In today’s Gospel, we are reminded of John the Baptist and his message to the world. His message is the way it is for us in Advent today. We need to remember that we are sinners, and Jesus came to take those sins away. We are reminded today that in this Advent season, we need to “Straighten Up.”
John was kind of the Prophet of Advent. We can give him that title. He is the prophet whom God the Father appointed to clear the way for Jesus’ coming. And believe me, he cleared the way. Nothing wishy-washy about John, and no tiptoeing around for him. He marched right in with no fear, no political correctness, and the like. He was not going to adjust his message for fear of offending someone. The area he preached, wherever that was, was not a “safe space.” He didn’t worry about anyone being “triggered.” He laid it on the line to all who heard him: “You brood of vipers!” Not many pastors that can get away with that today. “Even now the axe is laid to the root of the trees,” he announced. All the dead wood was to be cut out of the Lord’s forest. “Every tree, therefore, that does not bear good fruit is cut down and thrown into the fire” (v 9).
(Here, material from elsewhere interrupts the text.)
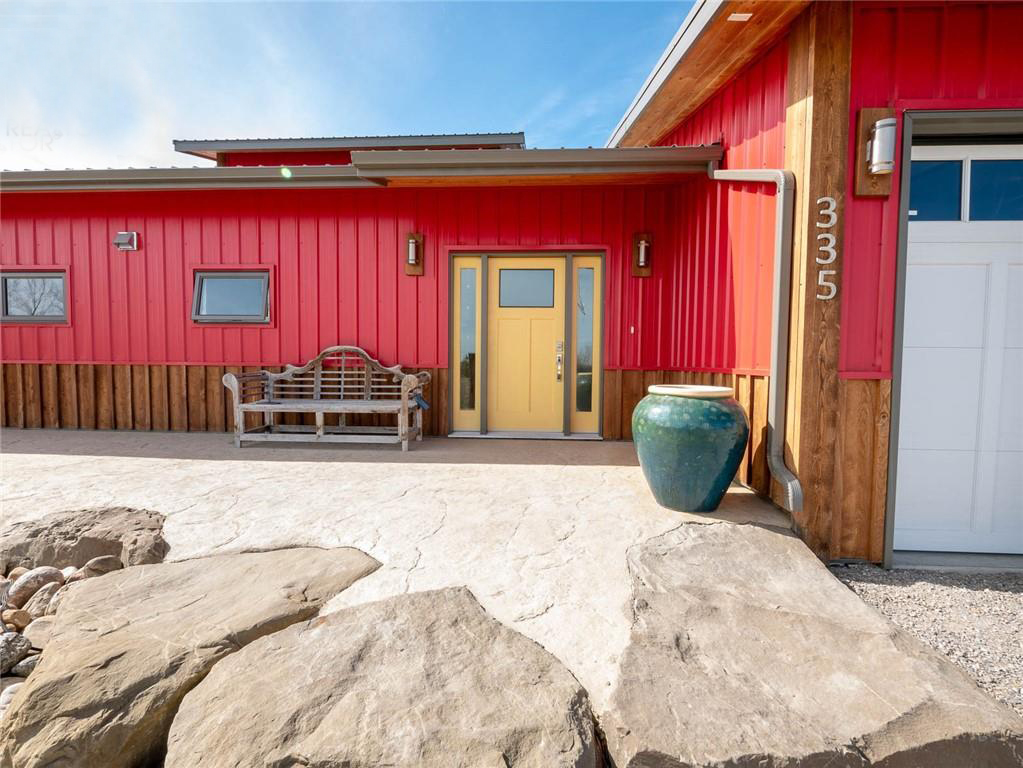 Residential Building with I/9 in Bright Red and I/9 in Sage (roof)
Now that’s a little unsettling if we have the ears to hear it. And it should be. For the sad truth is that more often than not, you and I don’t produce the good fruit our Lord expects. We simply don’t love God with all our heart and soul and strength, much less love our neighbors as ourselves. Despite our best efforts, there are those we have hurt and those we have failed to help. Our thoughts and desires are filled with sin. As Walter Cronkite used to say, “That’s the way it is.” The way of the Lord is the way of repentance, you see. That is, it calls for change. A change of mind and heart, which only God can work within us by the power of His Holy Spirit.
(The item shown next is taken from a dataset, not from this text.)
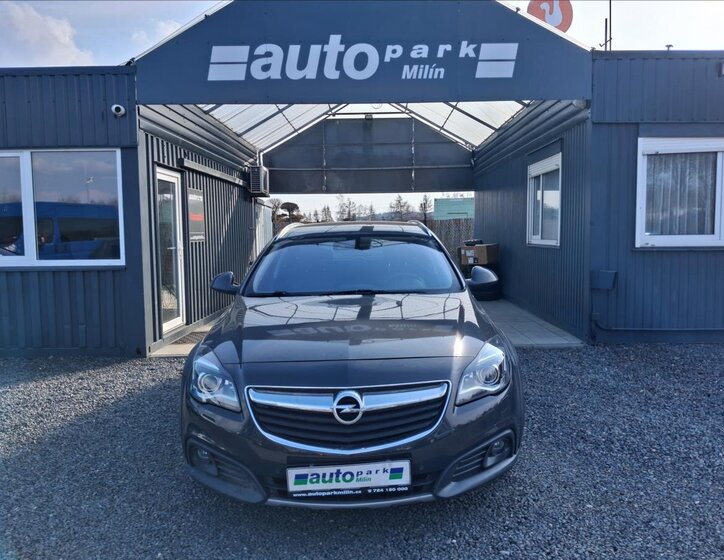 Opel Insignia Kombi 2,0 l 120 kw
That’s what we need this Advent season: a change so that we can straighten up, straighten up our hearts and lives. We need to clean out our messed-up hearts so cluttered with sin and clear out our lives, littered with shame and guilt so that they might be filled to overflowing with the life of Jesus Christ instead.
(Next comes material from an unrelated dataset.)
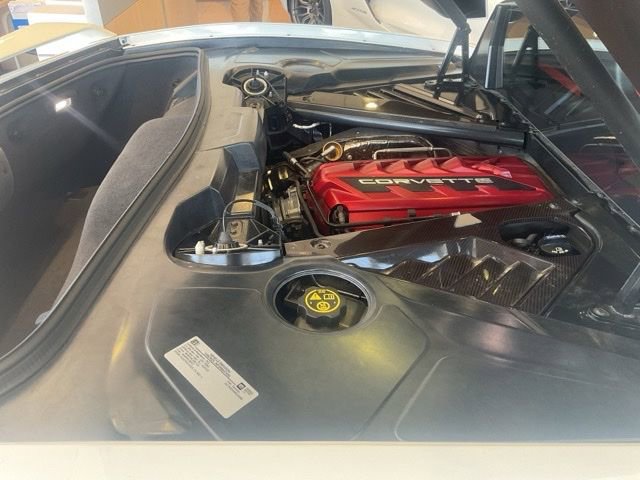 Certified 2021 Chevrolet Corvette Stingray Preferred Cpe w/ Z51 Performance Package RWD image 32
Not that such a change comes easy, mind you. It means the death of the habits of the sinful heart. And such habits always die hard. It’s always much easier to love and serve ourselves than it is to love and serve God and our neighbor. It always comes naturally to the sinful heart to lash out with anger when we’re hurt, to return evil for evil, to repay injury with injury. It is much easier to cut down other people than to love them and build them up. Think of all the folks the media used to love that they are now tearing down: Harvey Weinstein, Johnny Depp, Kanye West. It’s easier for the sinful heart to curse and swear, to lie and deceive by God’s name, than to pray, praise, and give Him thanks. That’s why the way of the Lord leads first to the cross before it leads to joy. That’s why the Christian life is a life of constant repentance. First, we confess our sins, then God “is faithful and just to forgive us our sins and to cleanse us from all unrighteousness” (1 Jn 1:9). First the cross and then the crown. Such is the way, the road, we walk. So let’s stir up our hearts this Advent season. It’s time for a change, a new way. We need to straighten up. How do we do this?
What this means for you I cannot tell you. It means different things for different people, depending on who you are and where you are in life. It depends what your favorite sins are. You can tell that from John’s instructions to those who heard his preaching. For tax collectors, the way of the Lord meant to be honest; for soldiers, it meant to be content and not take what didn’t belong to them. For others, it meant generosity and mercy, giving food and clothing to those who had none, for Jesus’ sake. What is this for you? I don’t know. But how is this done? That I can most certainly tell you: by the grace of God, that’s how.
The Son of God, who came down from heaven and was born of the Virgin Mary, will change your hearts and make them new. He who left the throne in heaven to be cradled in a cattle trough and wrapped in swaddling clothes will clean the Sin out of here and make you all shiny. This Lord Jesus will sweep the cobwebs out of our hearts and make them fit for His coming. He will take the stuff from our culture that is cluttering up in your hearts and He will straighten you up.
So get ready. Get ready for Christmas most certainly, but above all else prepare your hearts for the coming of Jesus. Let this Advent season be your comfort and your joy as deep within takes root the reality that Jesus has actually come in the flesh to die and rise again for you. He comes this very day in His Gospel and His Sacrament to make you new, and whole, and free. And we know He will come again.
So prepare the way for His coming. Get straightened up! Let this be your constant Advent prayer: “Stir up our hearts, O Lord, to make ready the way of your only-begotten Son.” Come, Lord Jesus, quickly come.
In Jesus’ Name.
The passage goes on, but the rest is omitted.